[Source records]
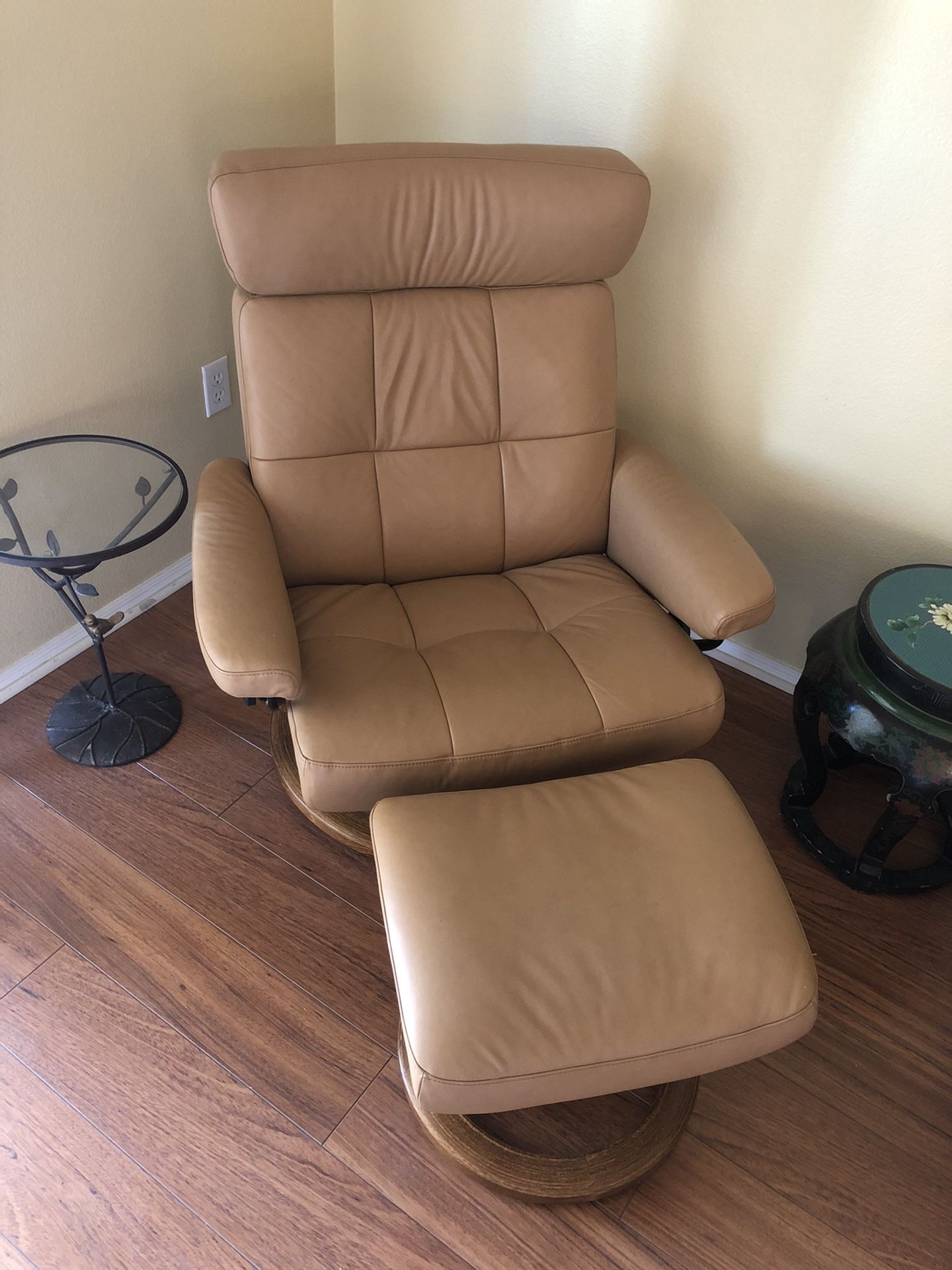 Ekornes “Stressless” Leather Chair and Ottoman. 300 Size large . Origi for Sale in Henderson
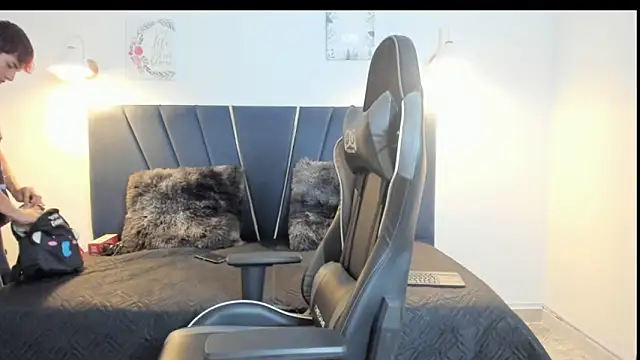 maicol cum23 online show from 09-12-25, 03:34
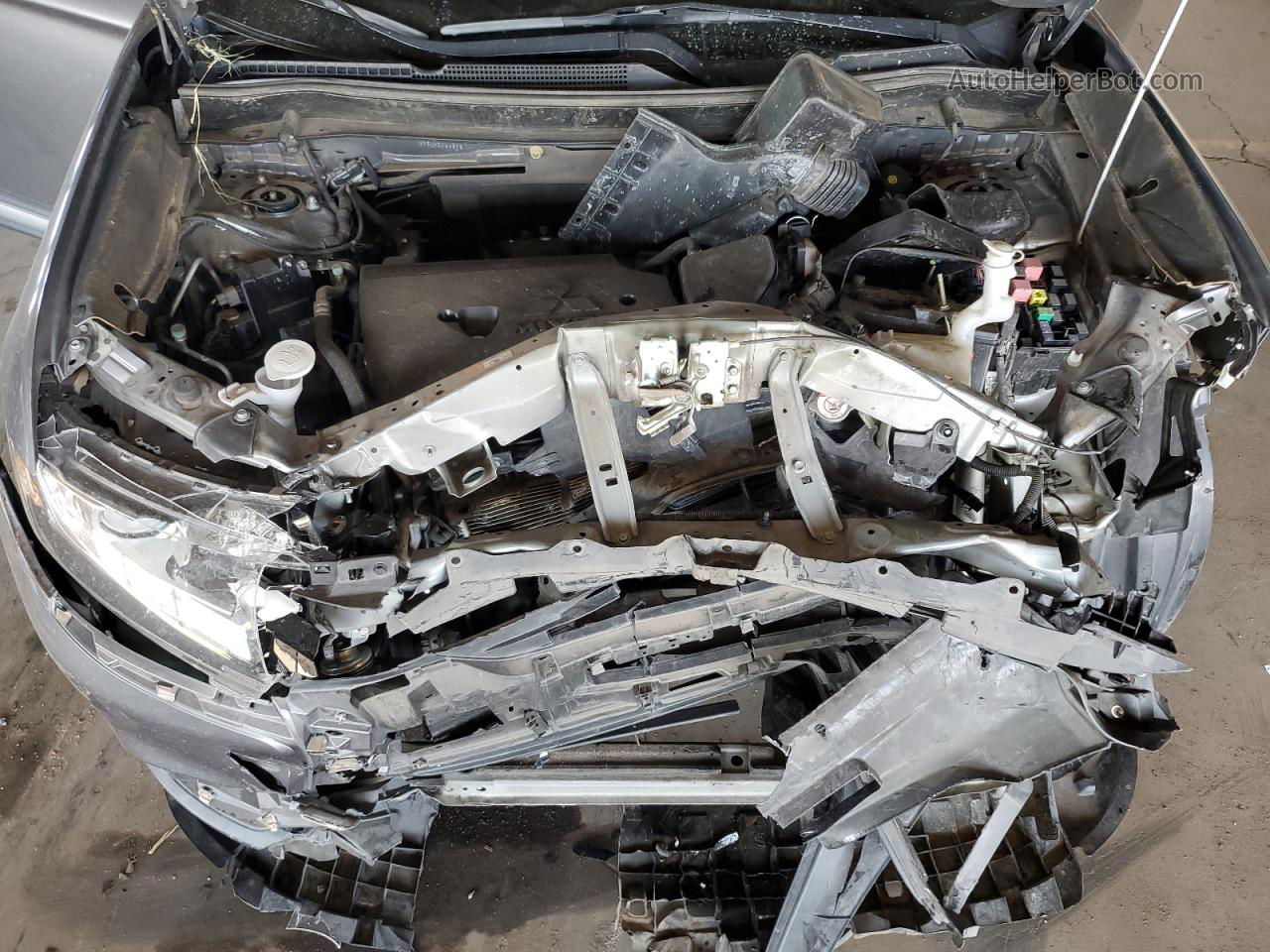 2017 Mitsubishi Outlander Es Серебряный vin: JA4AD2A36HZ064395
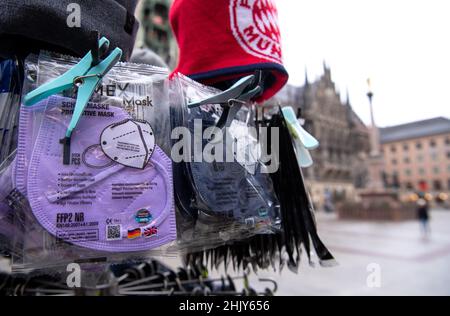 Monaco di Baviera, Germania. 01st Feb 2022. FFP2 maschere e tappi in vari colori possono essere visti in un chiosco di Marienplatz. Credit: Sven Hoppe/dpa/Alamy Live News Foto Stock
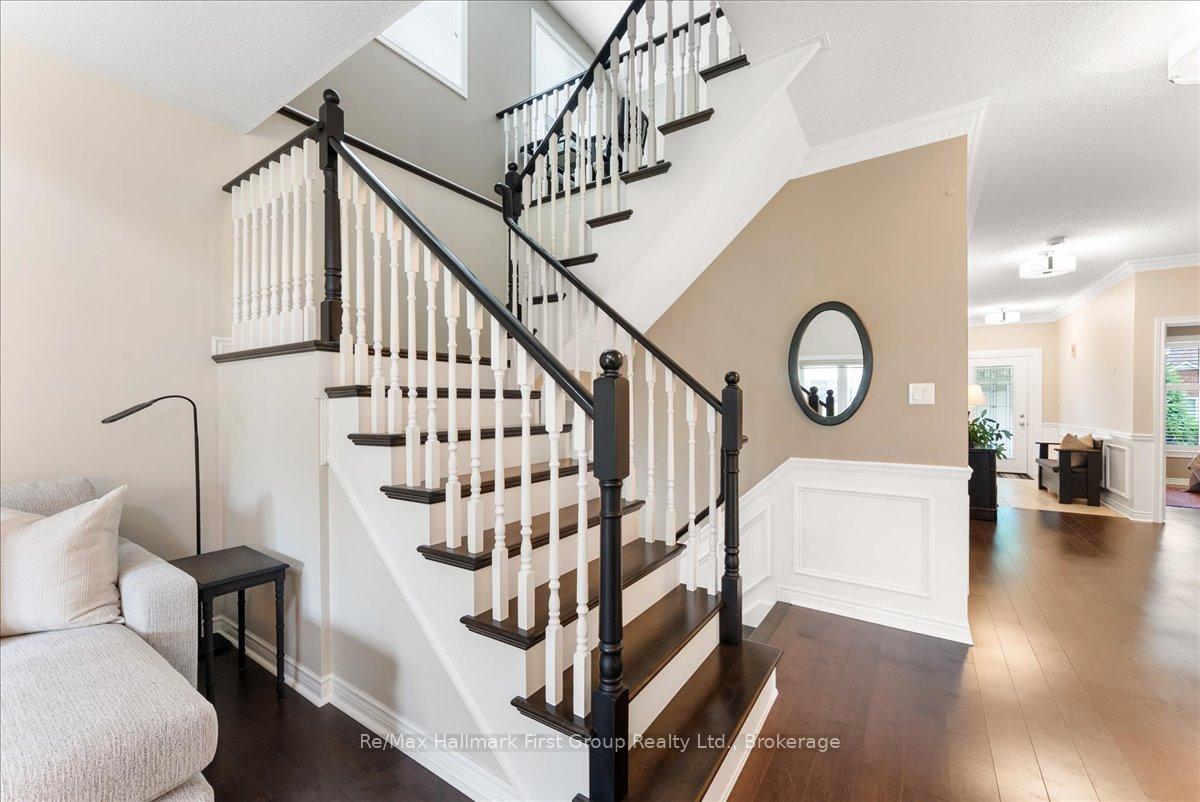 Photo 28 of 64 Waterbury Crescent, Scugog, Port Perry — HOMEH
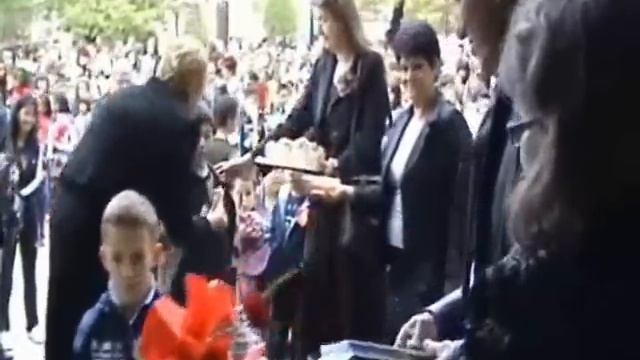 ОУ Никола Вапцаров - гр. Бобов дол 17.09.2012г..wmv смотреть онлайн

- [Problem requirements]: The copy must start at the line containing "maicol cum23 online" and end at the last line of the data, matching each line exactly. It must hold no pictures.

- [Task answer]:
 maicol cum23 online show from 09-12-25, 03:34
 2017 Mitsubishi Outlander Es Серебряный vin: JA4AD2A36HZ064395
 Monaco di Baviera, Germania. 01st Feb 2022. FFP2 maschere e tappi in vari colori possono essere visti in un chiosco di Marienplatz. Credit: Sven Hoppe/dpa/Alamy Live News Foto Stock
 Photo 28 of 64 Waterbury Crescent, Scugog, Port Perry — HOMEH
 ОУ Никола Вапцаров - гр. Бобов дол 17.09.2012г..wmv смотреть онлайн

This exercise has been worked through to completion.